最後の願い 〜モテ男を惑わす地味女の秘密〜
恥ずかしいが、この話題を俺は続けたい。さっきは言いそびれたが、ぜひ恭子さんに言っておきたいんだ。
俺は体をいくぶん前に倒し、「もう……」とか言って赤い顔をしている恭子さんに顔を近付けた。
「恭子さん」
「何?」
「あんなの、全然ですよ?」
すると、恭子さんも顔を前に出し、
「そうなの?」
と言った。俺と恭子さんの顔の距離は30センチかもっと近いか。お互いにヒソヒソ声だから隣のOLさん達には聞こえないだろう。
「そうです。
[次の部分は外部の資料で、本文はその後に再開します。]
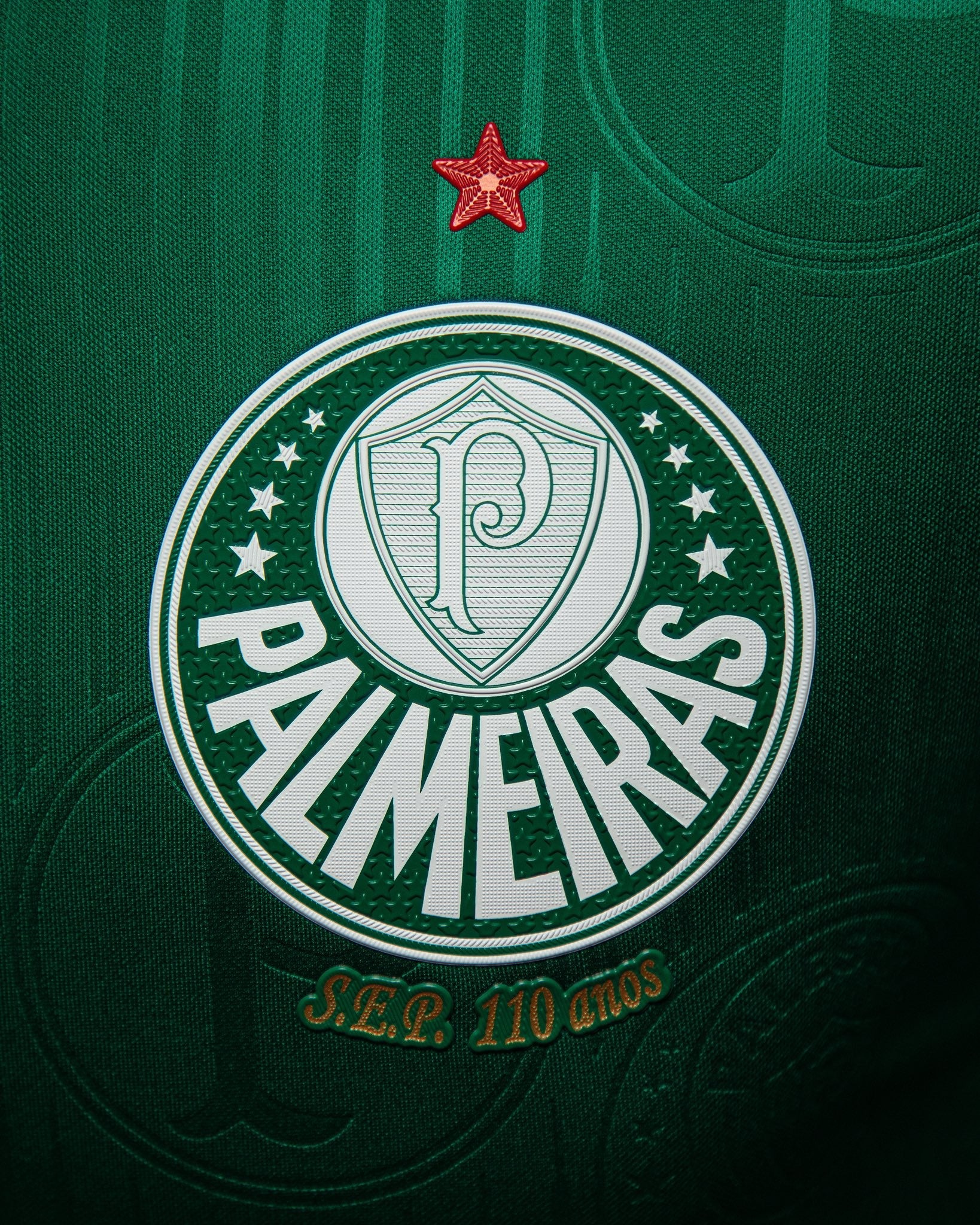 Palmeiras Home 2024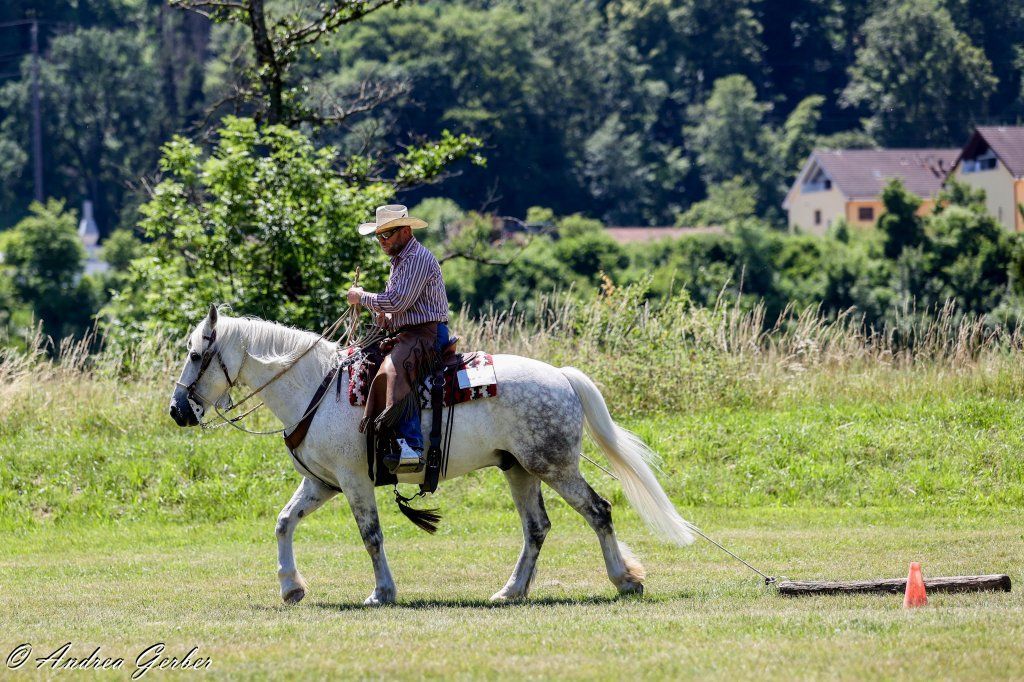 Swiss Ranch Horse Association - SRHA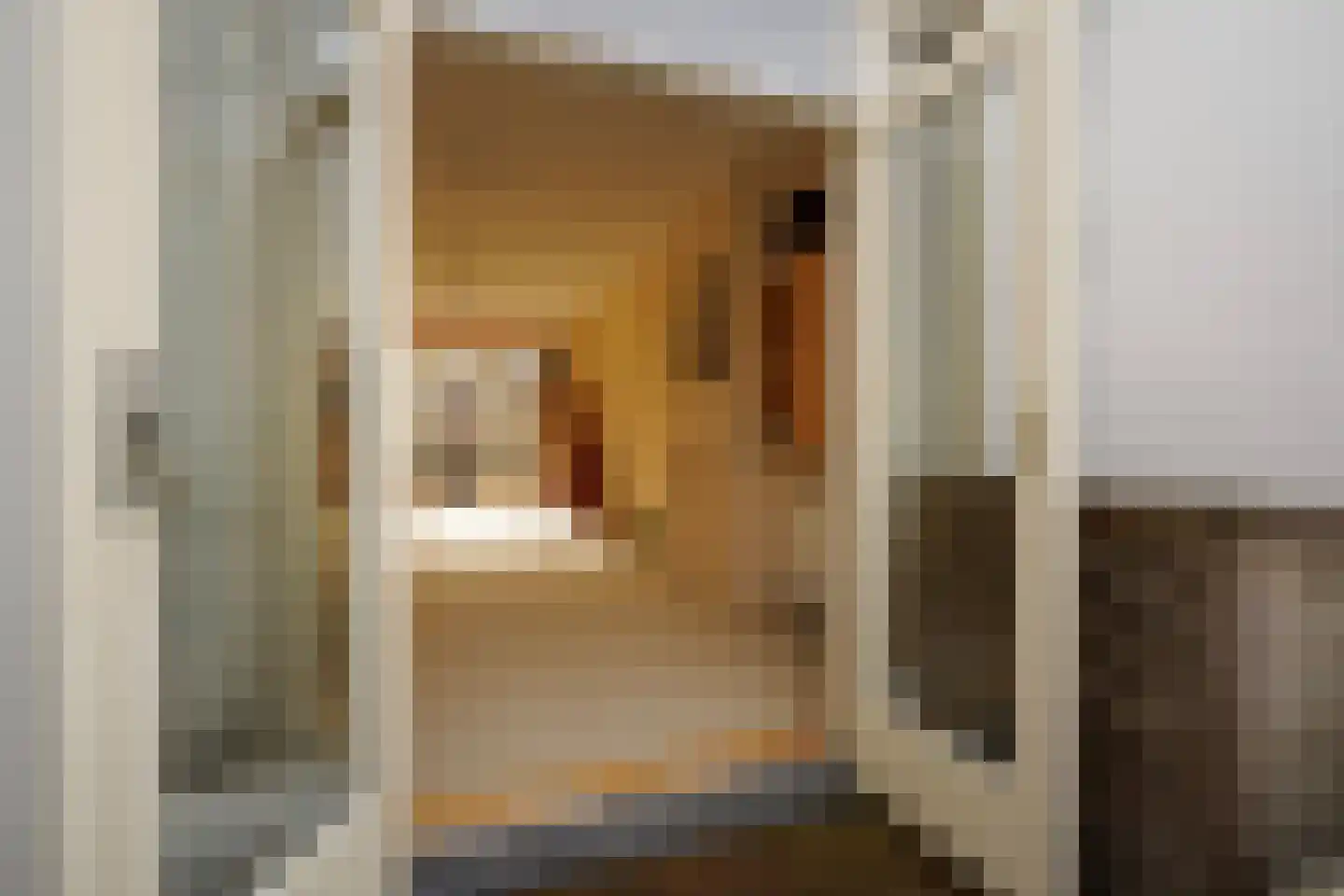 Copernicusstraat 29 Den Haag thumbnail 50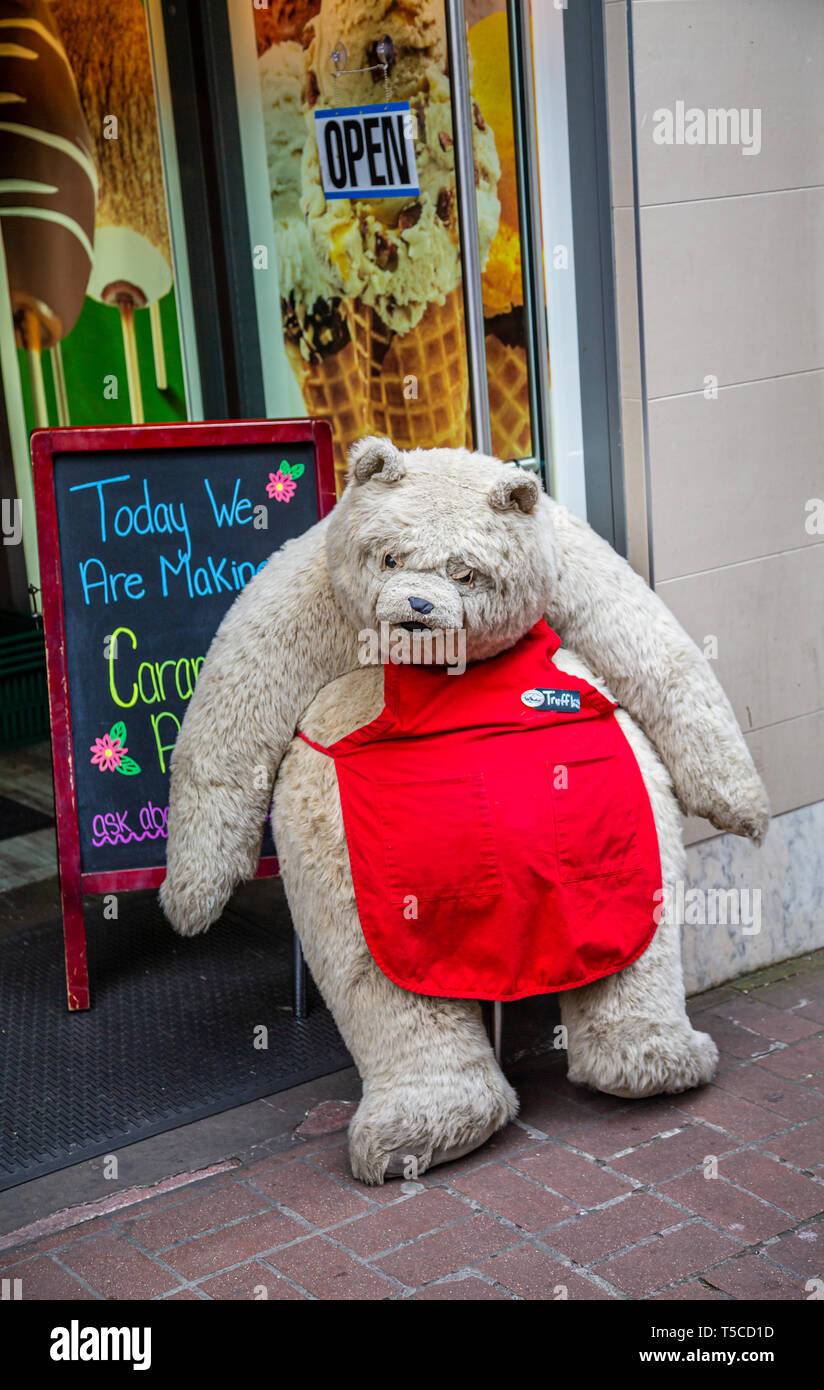 Stuffed Bear at Chocolate Shop Stock Photo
アレって、本当はもっと気持ちよくて、楽しいものなんです」
「ほんとに?」
「はい。今度教えてあげますね?」
「今度って、いつ?」
「いつでもいいですよ」
「じゃあ、今夜でも?」
「い、いいですよ」
元の姿勢に戻ったが、今夜また恭子さんを抱けると思ったら楽しみでしょうがない。下半身もすっかりその気になって……って、おい!
もうすぐ立たなきゃいけないのに、オマエが立ってたら立てないだろうが!
と、わけの分からない事を言いながらテーブルの下で下半身を手で押さえていたら、横の方から視線を感じた。ふとそっちに顔を向けたら、隣に座るOLさんが、顔を真っ赤にしてこっちを見ていた。
しまった……
真横からだと俺の仕種が丸見えじゃんか!
かっこわりい……。しばらくはこの店に来れねえよ……
おかげで立ち上がる事はできたけれども。